Average phenotype of the top three (T3) and bottom three (B3) of the 21 parental lines (PP) and validation population lines (VP) as ranked based on their genomic estimated breeding values (GEBVs) that were predicted using data from the training population (TP) and the Ridge-Regression BLUP model
| PP | VP | |||||||
|---|---|---|---|---|---|---|---|---|
| Trait | Avg. T3 | Avg. B3 | T3-B3 | P-value | Avg. T3 | Avg. B3 | T3-B3 | P-Value |
| GYA | 4782 | 4600 | 181 | 0.45 | 5100 | 5442 | −343 | 0.52 |
| GYN | 4529 | 4450 | 78 | 0.67 | 4074 | 3955 | 119 | 0.34 |
| GYW | 5496 | 4616 | 880 | 0.06 | 5846 | 5908 | −63 | 0.84 |
| FY | 69.0 | 68.9 | 0.13 | 0.92 | 69.0 | 64.4 | 4.6 | 0.02 |
| SE | 58.7 | 57.4 | 1.3 | 0.09 | 58.7 | 56.4 | 2.3 | 0.46 |
| FHB | 16.4 | 24.2 | −7.8 | 0.07 | 9.6 | 16.5 | −6.9 | 0.06 |
Values are shown for grain yield over all environments (GYA, kg hectare-1), grain yield at Northwest, Ohio environments (GYN), grain yield at Wooster, Ohio environments (GYW), flour yield (FY), softness equivalence (SE), and Fusarium Head Blight index (FHB).
Figure 1Principal component analysis of the 470 wheat lines of the training population (TP) and the 94 lines of the validation population (VP) using data from markers scored in both populations.
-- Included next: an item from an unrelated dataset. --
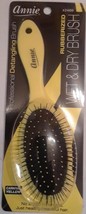 Annie Wet+Dry Brush #2466 YELLOW---BRAND NEW-FREE Upgrade To 1st Class Shipping - $4.75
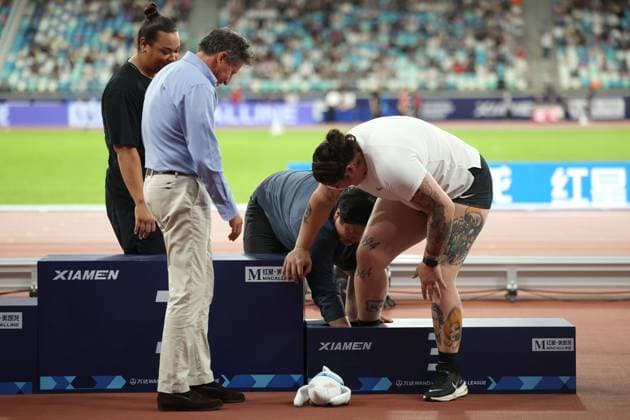 Sport Themen der Woche KW16 Sport Bilder des Tages (240420) -- XIAMEN, April 20, 2024 -- Gong Lijiao (2nd R) of China helps Chase Jackson (1st R) of the United States after Jackson s foot got stuck in the podium during the awarding ceremony for the women s shot put event at the 2024 Wanda Diamond League Xiamen Meeting in Xiamen, southeast China s Fujian Province, April 20, 2024. ) (SP)CHINA-XIAMEN-ATHLETICS-DIAMOND LEAGUE (CN) LixMing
Five groups of TP lines were defined by Cabrera and are identified as groups 1 to 5. The VP are identified by the “+” and the “*” where the “+” represents the 85 lines with varying relationship to the TP and the “*” represent the 17 VP lines that are half sibs of the TP.